Il se fait le torse d’Iggy Pop sur la pochette et le maquillage dégouline sous ses yeux, mais quand il s’exprime en québécois il se montre en pleine forme : il « toffe les runs » c'est-à-dire « qu’il tient le coup envers & contre tous » et s’il dit « j’sus sur le go » c’est une autre façon de dire qu’il « tient le coup ».
Tant qu’il y aura des filles pour « prendre son pion dans son circuit » .

samedi 19 novembre 2011

Les derniers indiens.
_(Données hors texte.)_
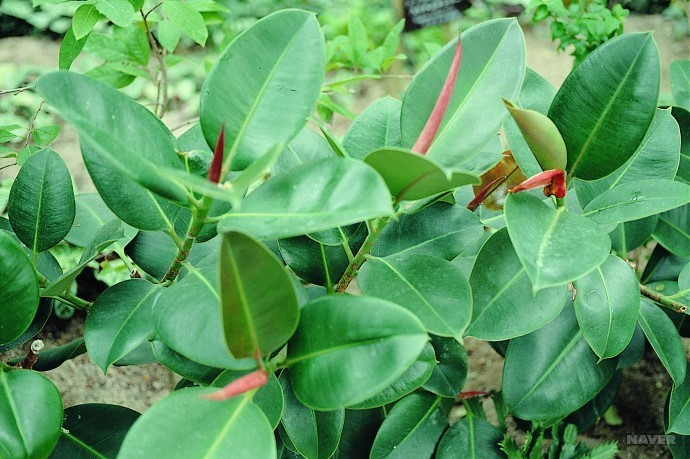 공기정화식물 고무나무 키우는법 가지치기 잎닦는법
Marie Hélène Lafon.

Une écriture comme une litanie fait le tour une dernière fois de la société paysanne qui n’a plus d’enfant.
Là bas, dans le Massif central, Jourde avait déjà porté sa plume dans « Pays perdu » et Depardon sa caméra attentive et patiente.
Une écriture précise :
« Les voisins aimaient les bêtes bruyantes, ils avaient eu des paons dont les cris funèbres et lancinants avaient vrillé l’air lourd du dernier été de Pierre, ils eurent des coqs impérieux et des kyrielles hoquetantes de dindons, dindes et pintades, ils achetèrent pour l’agrément des enfants des ânes doux et bruns qui se répandaient à toute heure en braiements éperdus. »
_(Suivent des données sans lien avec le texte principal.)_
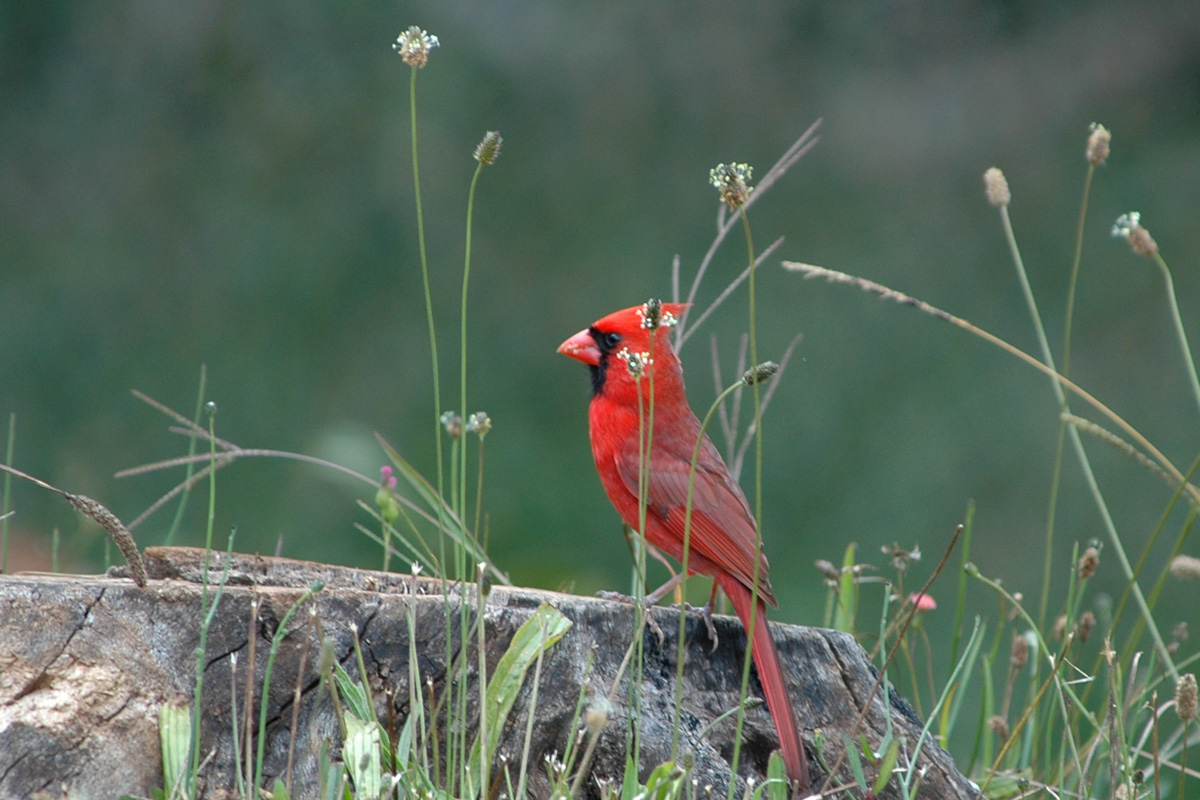 Northern Cardinal – ショウジョウコウカンチョウ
Les maisons, les gîtes, la vaisselle, le linge, les chiens, les solitudes, « les voisins qui ont le goût de devenir », l’église, le monument aux morts, les silences, le temps qui passe.
« Elle avait acheté sa Cocotte –Minute neuve en juillet 1983 chez Veschambre à Allanche, elle avait conservé les mêmes pieds de géranium rose pendant treize années, les volets des deux pièces de derrière avaient été changés à l’automne, l’année de la grande sécheresse, en 1976, par le père de l’actuel menuisier de Condat qui était mort subitement en décembre, trois mois plus tard, on était allé à l’enterrement… »
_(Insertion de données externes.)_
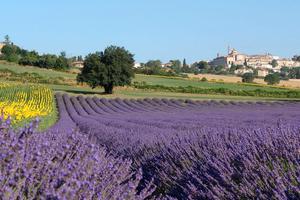 Weekend nelle Marche, Corinaldo e la lavanda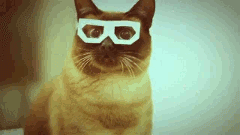 Si usas gafas, te sentirás identificado con estas 4 frases - Gato con Gafas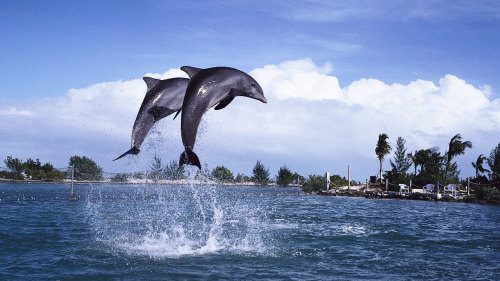 Dolphin & Whale Watching Cruise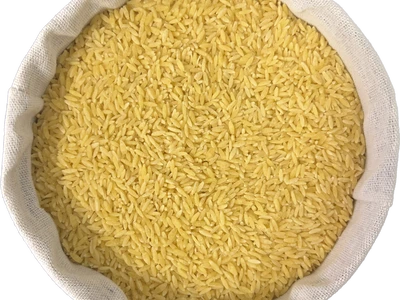 pasta rice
Ces 166 pages parleront à mes pays, mais il n’est pas besoin de connaître l’importance d’un changement de toile cirée pour apprécier l’auteure.
Je remercie la personne qui me l’a fait découvrir au cours des échanges que nous avons dans le groupe de lecteures qui se réunit une fois par mois sous l’intitulé « Page à page », à la bibliothèque Barnave de Saint Egrève.